## INSTRUCTIONS TO FOLLOW
Please print, exactly as written, the line containing "สปอยเลอร์หลังคาท้ายรถยนต์ สำหรับ Honda" and each line after it through the end of the material; pictures stay out.

## RAW DATA

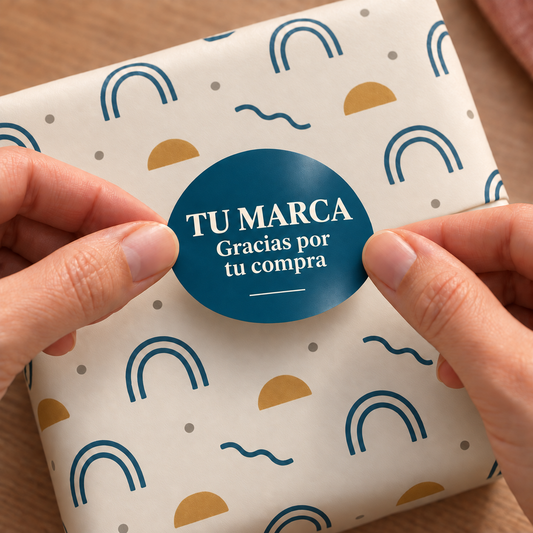 Stickers Personalizados Chile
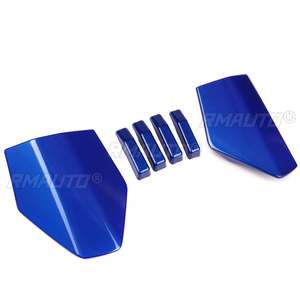 สปอยเลอร์หลังคาท้ายรถยนต์ สำหรับ Honda Civic FK4 FK7 5 ประตู แฮทช์แบค ปี 2016 2017 2018 2019 2020 - Product Image 3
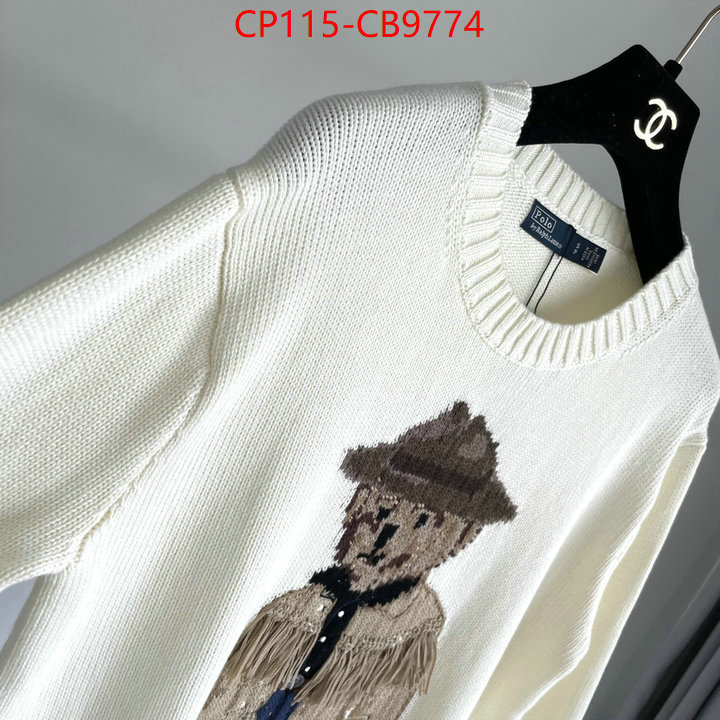 Clothing-Ralph Lauren aaaaa customize ID: CB9774 $: 115USD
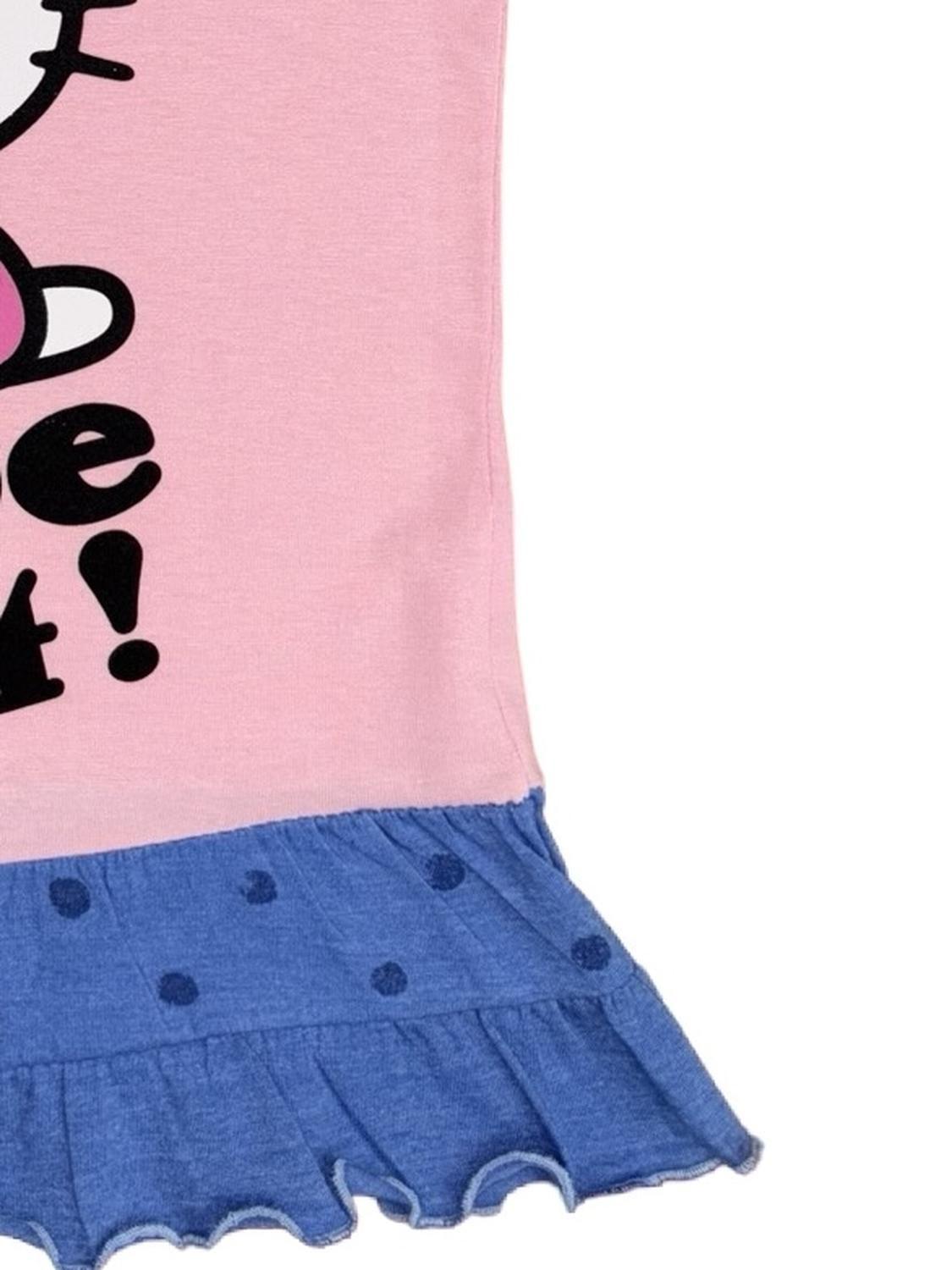 Polera Niña Hello Kitty S118285-0584-3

## PROBLEM SOLUTION
 สปอยเลอร์หลังคาท้ายรถยนต์ สำหรับ Honda Civic FK4 FK7 5 ประตู แฮทช์แบค ปี 2016 2017 2018 2019 2020 - Product Image 3
 Clothing-Ralph Lauren aaaaa customize ID: CB9774 $: 115USD
 Polera Niña Hello Kitty S118285-0584-3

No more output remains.